The worst thing that can happen, is permanent capital loss! If everyone understands and accepts this painful fact then the next step is to mitigate that risk and change their style of investing.

So, what is the biggest mistake investors do? My opinion, they unknowingly take the cues from the prices of the stocks. If the price of one stock is going up, they assume that it is a good stock and they buy it. Similarly, when the price of any stock keeps falling down they think that it is a bad stock and they sell it.

So it is all about taking cues from the prices of the stocks, and this is accessible freely from anywhere. I call it free zone. In short run these prices react to every available information in the market and unfortunately most of that information is not even closely related fundamentally to the businesses.

The worst part is that the investors react to the price changes and take decisions that takes them to the path of permanent capital loss. I have heard from many investors that they sold their holdings in a business because they got scared when the price fell down! It is high time for the investors to consider these stocks as business or enterprise and not just a piece of trading paper. At the same time it is important to understand that you should be a part of quality business not big businesses to make money.

Looking into investing money with fund management businesses (mutual funds), they do not focus on your returns but only on how to beat the market returns. The industry has been designed such, that even the cold faced fund managers are not given a choice to react when they know that the markets are expensive. They have to stay invested because they have to simply follow the process that was designed by their bosses.

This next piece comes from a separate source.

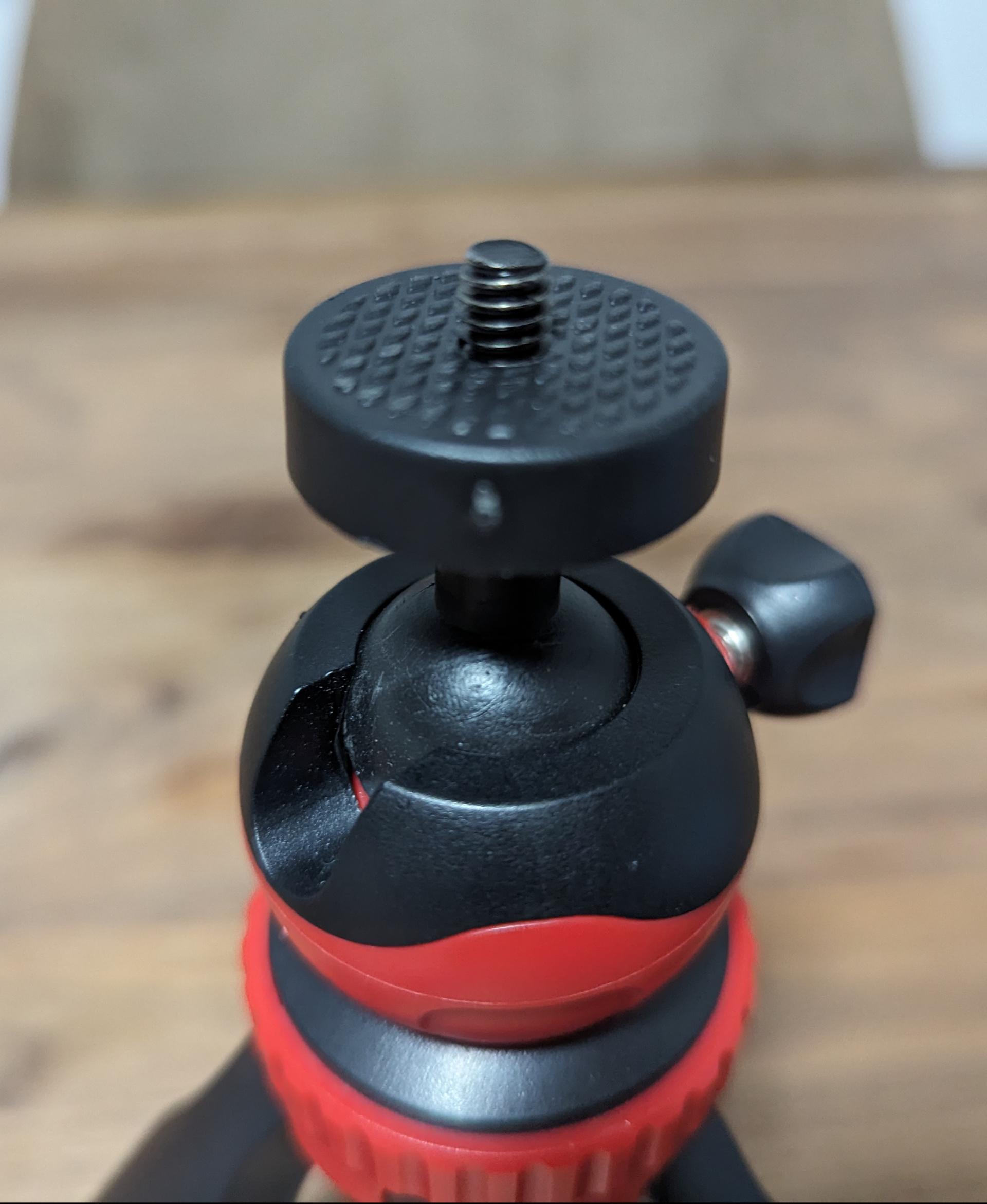 1/4" to Insta360 Mount - This is the tripod I attached my Ace Pro to, using this model. As you can see, it has a little plastic + rubber disc directly threaded onto the bolt. I removed this disc and turned it upside down to use it as a nut. This plate / disc / nut holds the printed model on the 1/4" bolt.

This process of the industry does not make sense to me. We value each and every business trading on the National Stock Exchange and can see clearly and understand when the market is trading expensive or discounted. As soon as we come to the realisation that market is trading overly expensive, we do not hesitate to convert our holdings into cash.

Investors should not hesitate to sit on cash if they feel the market is giving unrealistic prices. Two years ago we thought that the market was trading expensive and eventually it fell from 5500 down to almost 4900 and similarly a year ago when it was trading at around 6000, we waited for it to fall down to around 5500. We had not anticipated these falls but as they happened we knew which stocks to pick at what price.

It is important here to emphasize that our approach is from the bottom up. We analyse, and do our research on enterprises and when we think that they are trading in market below their intrinsic values we accumulate them. We do not invest depending on the market conditions.

So how can investors harness superior returns from the market? There are three important things that need to be done. First, they need a right framework. When I say the right framework, it means you need to think about the market correctly and stop thinking about it conventionally. Not all blue chip companies are blue chip. Good businesses come in all sizes and that is the reason not all the big businesses are blue chip.

The second, is to invest in good quality businesses. These businesses are fundamentally strong and have bright future prospect. Good businesses do not only display growth in their earnings but also generate high returns on their equity. Best businesses are the ones who take large amounts of capital from shareholders and reinvest them to achieve higher returns. On the other hand the bad quality businesses do totally opposite.

Finally the third thing to do is to find the value of those good businesses. What you pay to buy those businesses is the price, not the value of that business. To achieve higher returns on your investment in the long run, you have to buy those assets when they are trading cheaper than its intrinsic value.

If you follow the above three rules, there is no one to stop you to achieve superior returns.